Путин плохо чувствует разнообразие Запада. Это напоминает давно описанный в психологии феномен ассимиляционно-контрастной иллюзии — если вы смотрите на объекты с далекого расстояния, то они будут казаться вам расположенными близко друг к другу, реальное расстояние между ними вы будете недооценивать. Путин сам дистанцировался от европейской цивилизации (не обсуждаем сейчас, почему это случилось) и теперь, глядя на нее «издалека», воспринимает ее как некую враждебную целостность. Конечно, этот образ бесконечно далек от реальности, но именно он лежит в основе его действий.

Мы видим, куда уже привела эта картина мира — в Европе идет страшная война, в реальность которой некоторые до сих пор не могут поверить. А что будет дальше? 

Смертельная угроза

Надо понимать, что Путин верит в тот мир, о котором говорит.  Он верит в то, что весь мир против нас, он верит в свою миссию по восстановлению правильного (никогда не существовавшего) мирового порядка. Этот новый порядок должен состоять не просто в уничтожении Украины и вхождению ее в состав России (за несколько дней до своей триумфальной победы на «выборах» он сказал, что воссоединение Украины и России неизбежно), не только в восстановлении империи, то ли советской, то ли российской, но и во всемерном ослаблении Запада.

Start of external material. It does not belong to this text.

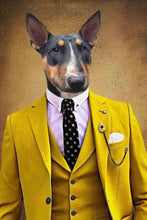 Load image into Gallery viewer, The Yellow Suit - Custom Pet Blanket - NextGenPaws Pet Portraits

И Путин окружен людьми, которые не просто поддакивает ему по прагматическим соображениям, но частично тоже в это верят, по крайней мере, в сравнении России с Западом отдают предпочтение России, считая Запад слабым, трусливым и неэффективным. Частично, кстати, это результат неадекватной политики санкций, которая привела не расколу элит, а наоборот, к их сплочению вокруг Путина.  

Путин будет стоять до конца. Он сильней, чем можно думать, если просто ограничиться подсчетом его ресурсов: он готов на такие человеческие потери, с которыми не сможет смириться ни один западный лидер, он готов не только к тому, чтобы его подданные погибали, но и к тому, чтобы они жили в нищете. И он может принимать любые решения, не оглядываясь ни на кого — не на кого оглядываться, ни парламента, ни судов, ни свободной прессы давно нет. 

Он, конечно, понимает, что совокупный военный и экономический потенциал НАТО резко превышает российский. Но он рассчитывает на ментальную слабость Запада, на то, что этот потенциал никогда не будет задействован, что при любом развитии событий Запад ограничиться заявлениями и символическими жестами, а в серьезную войну не вступит, что в крайнем случае повториться «странная война» 1939 года.

Демократическому миру трудно консолидироваться, диктатуры делают это значительно быстрее. Но, как показывает история Второй мировой войны, когда демократии осознают, что угроза смертельна, все меняется. И устами Черчилля демократия говорит, что будет сражаться до победы и ценой неимоверных жертв этой победы достигает. 

А пока Конгресс США так и не может принять закон о помощи Украине.